David Hume addressed the subject of aesthetic taste in an essay entitled “Of the Standard of Taste”, one of four essays published in his Four Dissertations in 1757. "Of the Standard of Taste" is highly regarded for its insights into aesthetics. While Hume is generally seen as an empiricist, in matters of taste, he can be classified as an ideal observer theorist, allowing for individual and cultural preferences. Hume distinguishes between sentiments, always correct as they reference only themselves, and determinations, which can be incorrect as they refer to something beyond. Beauty, for Hume, is "no quality in things themselves: It exists merely in the mind which contemplates them; and each mind perceives a different beauty". This, according to Hume, makes judgments of beauty and taste sentiments rather than determinations.

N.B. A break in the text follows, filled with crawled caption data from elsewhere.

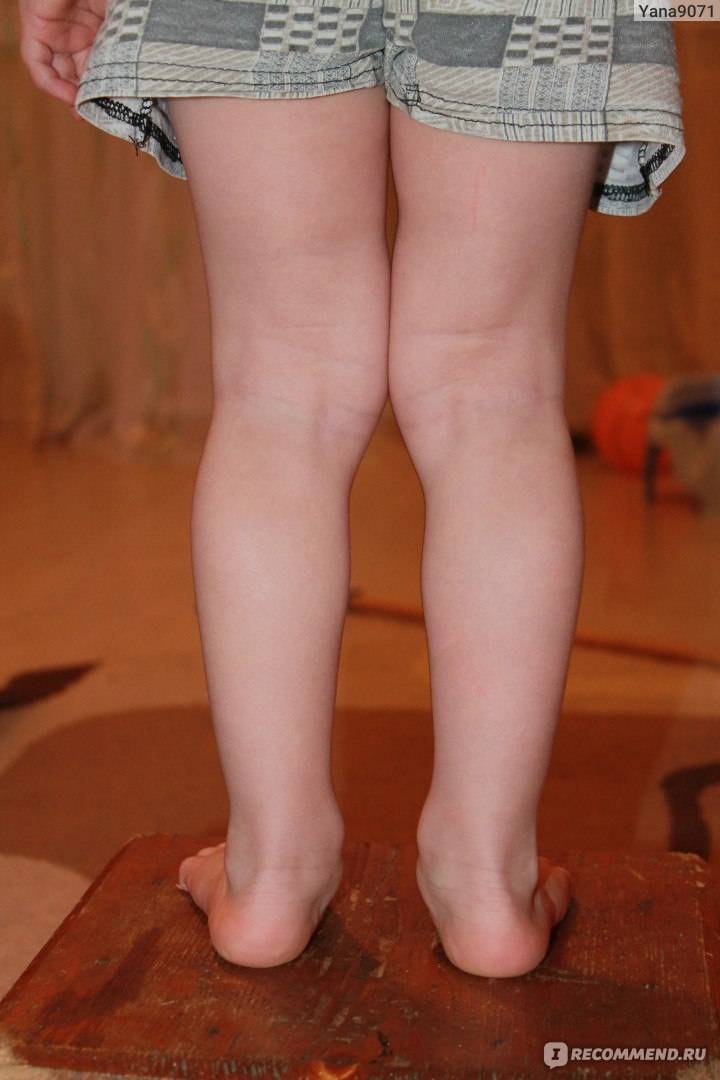 Деформация стопы у детей - лечение вальгусной и варусной деформации в клинике санкт-петербурга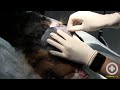 Treating a Canine's Head Abscess Part 1: Prep, Drain, Flush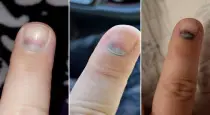 Nail-color-health-warning-signs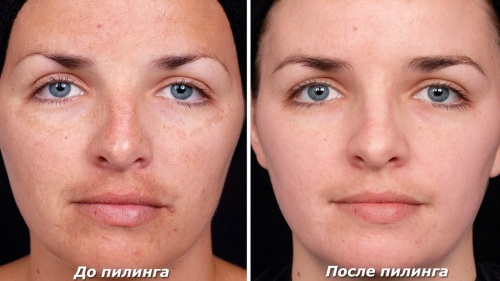 Peeling chimique pour le visage au salon et à la maison. Avis, photos avant et après, avantages et inconvénients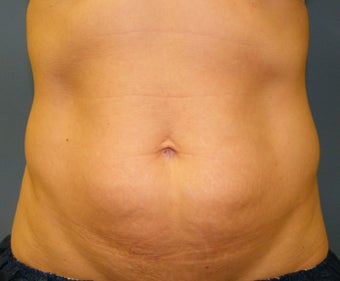 CoolSculpting before 621991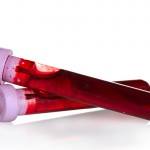 No futuro, exames de sangue poderão mostrar quem está curada do câncer de mama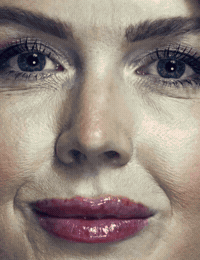 Vanity Fair Lip Filler GIF by Respective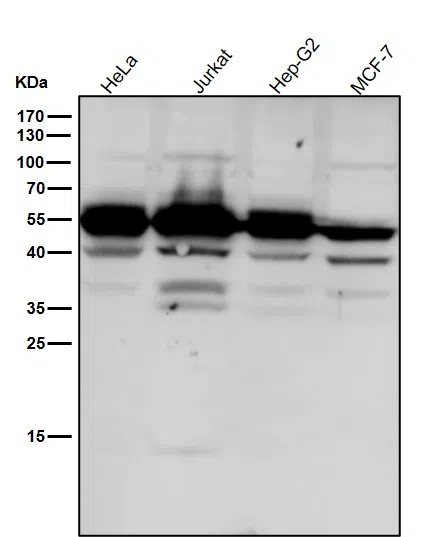 Caspase 2 Rabbit Monoclonal Antibody - Size: 50µl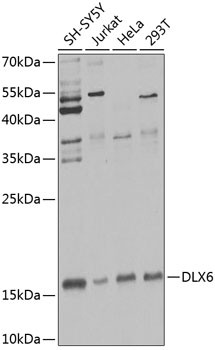 Anti-DLX6 Antibody (CAB7667)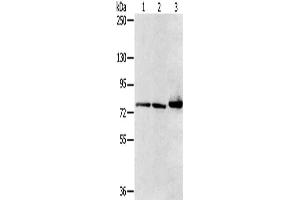 Gel: 6 % SDS-PAGE, Lysate: 40 μg, Lane 1-3: Mouse heart tissue, HT29 cells, mouse liver tissue, Primary antibody: ABIN7128752(CAPN7 Antibody) at dilution 1/300, Secondary antibody: Goat anti rabbit IgG at 1/8000 dilution, Exposure time: 1 second (Calpain 7 anticorps)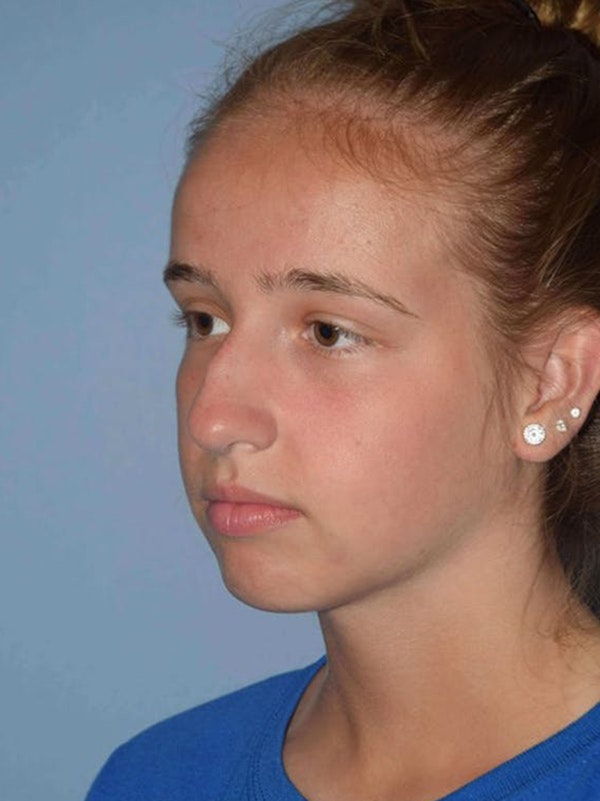 Rhinoplasty Before & After Gallery - Patient 173624258 - Image 3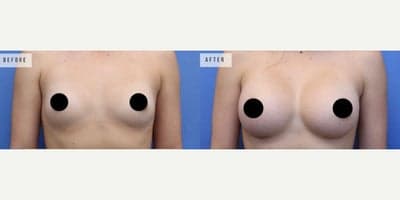 Case 8036 - Woman treated with Breast Augmentation, Breast Implants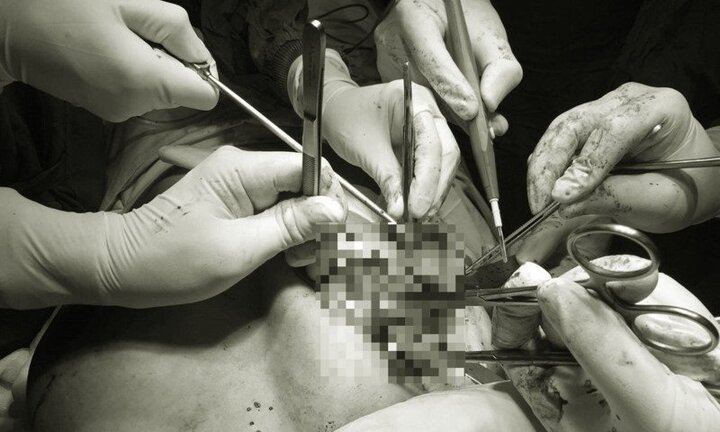 Lấy cả đống máu cục trong ngực nữ doanh nhân sau khi thẩm mỹ ở nước ngoài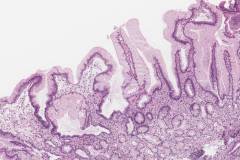 Peptic duodenitis: Foveolar metaplasia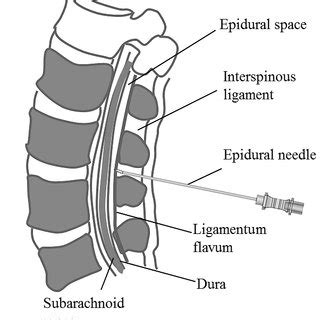 Graphical representation of the epidural space and surrounding anatomy... | Download Scientific ...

Hume argues that beauty lies in the mind, not the object, and opinions about beauty are influenced by cultural conventions, subject to change. He introduces the concept of a true judge, an individual with "strong sense, united to delicate sentiment, improved by practice, perfected by comparison, and cleared of all prejudice." The combined opinions of these rare individuals form the standard of taste, existing within them. This standard is not to be confused with contemporary art critics; the true judge does not apply a standard to objects but possesses ideal perception, enhancing their ability to appreciate beauty. Hume suggests that improving perception leads to better taste.

For Immanuel Kant, as discussed in his Critique of Judgment, beauty is not a property of any object, but an aesthetic judgement based on a subjective feeling. He claims that a genuine good taste does exist, though it could not be empirically identified. The validity of a judgement is not to be ascertained by means of the general view of the majority or some specific social group because taste is both personal and beyond reasoning. Nonetheless, Kant stresses that our preferences, even on generally liked things, do not justify the objectivity of our judgements.

Bourdieu argued against the Kantian view of pure aesthetics, stating that the legitimate taste of the society is the taste of the ruling class. This position also rejects the idea of genuine good taste, as the legitimate taste is merely a class taste. This idea was also proposed by Simmel, who noted that the upper classes abandon fashions as they are adopted by lower ones.

== Bad taste ==
Bad taste (also poor taste or vulgarity) is generally used to deride individuals with 'poor' aesthetic judgment. Bad taste can become a respected and cultivated (if perhaps defiant and belligerent) aesthetic, for example in the works of filmmaker John Waters, sculptor Jeff Koons, or the popular McMansion style of architecture.

A contemporary view—a retrospective review of literature—is that "a good deal of dramatic verse written during the Elizabethan and Jacobean periods is in poor taste because it is bombast [high-sounding language with little meaning]".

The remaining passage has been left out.